Wednesday, June 28, 2006


I believe I quoted this passage a few months ago when I read it. Now, home in Medford, I revisit it:

"The one thing Pierre desired now with his whole soul was quickly to get away from the horrifying sensations he had undergone that day, to return to the ordinary conditions of life, and to sleep peacefully in his own bed in his own room. He felt that only in the ordinary conditions of life would he be able to understand himself and all he had seen and experienced. But these ordinary conditions were nowhere to be found." -- p. 1007

So - yeah. I am back in Boston. I am back in the U.S. and back from Korea and no longer teaching rugrats, and I just think, listen, Pierre, Natasha, really? Is it possible? Can I just make this little thing called life work out?

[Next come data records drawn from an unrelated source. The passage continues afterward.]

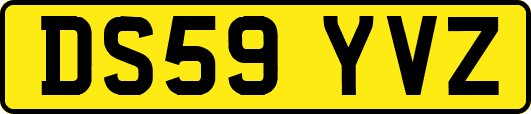 DS59YVZ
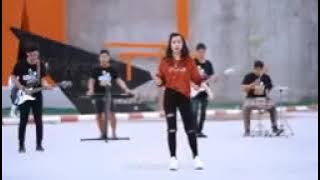 Thailand Song SAN DAN KOU( ringtone 30sec)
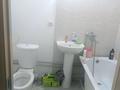 1-комнатная квартира · 35 м² · 2/9 этаж, мкр Шугыла, проспект Райымбек 590/1 корпус 7 — Напротив ТРЦ апорта за 180 000 ₸ в Алматы, Наурызбайский р-н
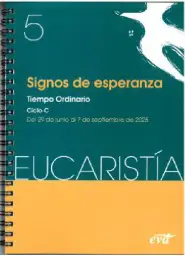 Imagen del producto 9788410630741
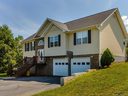 9 Maltese Lane 26 sold home in Weaverville, SC
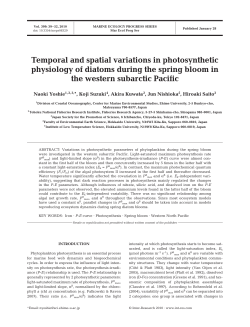 Full text in pdf format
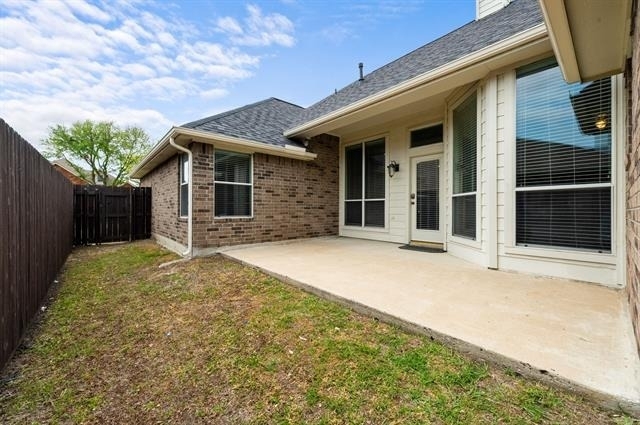 3205 Hamlett Lane - Photo 22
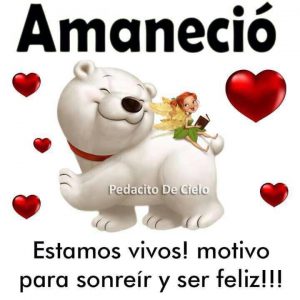 Pensamientos Para Buenos Dias Para Whatsapp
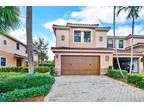 4 bedroom in Parkland FL 33076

Returning from another country is a great way to process The Book. I have had several meltdowns and a few wig-outs in the last two weeks as I've been galavanting about the Northeast seeing the people I need to see and answering the questions I need to answer.

And I didn't even see a battlefield in my "tour of duty"! (Unless you count the day we went to the DMZ.) But those classes, those screaming children in the hallways, those incessant orders of advance and retreat from the Ding Ding Dang powers that be, were all a lot like what the armies went through. You know, in a very melodramatic metaphorical way.

This book, this life -- they're bigger than us all! Bigger than I can get my mind around! But "these ordinary conditions were nowhere to be found" doesn't quite do it. On the contrary, I've come back to my house with the girls and the balcony and the Orchard Street treetops and the 96 bus and the woman at my local Dunkin' Donuts on Boston Ave who after nine months remembers me AND MY MEDIUM ICED COFFEE CREAM NO SUGAR ORDER!!

I think even Pierre might agree with me that in the epilogue, the ordinary conditions are to be found. They just might be right there waiting for you. Right where you left them.

Monday, June 26, 2006

It is finished

I have returned from Korea.

I finished reading War and Peace on the plane, somewhere over the Pacific Ocean. Now, wouldn't you know that my seatmate to the right on that long flight would be a man from Serbia with some Russian heritage who was most intrigued to see me reading Tolstoy, and to learn that I had read other Tolstoy as well as other Russian authors. I thought - really? Are we known as such plebes that we aren't even thought to have read phenomenal Russian literature? I'm such a fan of Russian lit. Dostoevsky and Nabokov and then there are gems like The Master and Margarita by Bulgakov...anyway, I digress.

I finished the book!

I also finished my stint in Korea.

The Serb/Russian man asked me what one main point I would take from the book. One? I was incredulous. But I said, after a moment's reflection, you know, it's that there is something bigger than us all guiding this whole thing (life).

And it's not simple. It's not simply "God." Tolstoy, they say, did come to terms with Christianity in his way. But I mean, the epilogue just went on and on about this philosophy he's been sprinkling throughout the book about historical events; the free will or lack thereof of kings, generals, and so forth; the interconnectedness of it all; and how the farther we get from events in history -- or in our lives, I daresay -- the more sense they make.

Needless to say, I had a fabulous plane ride home. Sooooo much thinking. I can honestly say, between the comfy seat (in the big middle five-seat row, but the bulkhead gave some leg room) and the many things I had to contemplate contending with upon arriving back on U.S. soil, that I wanted that journey to never end.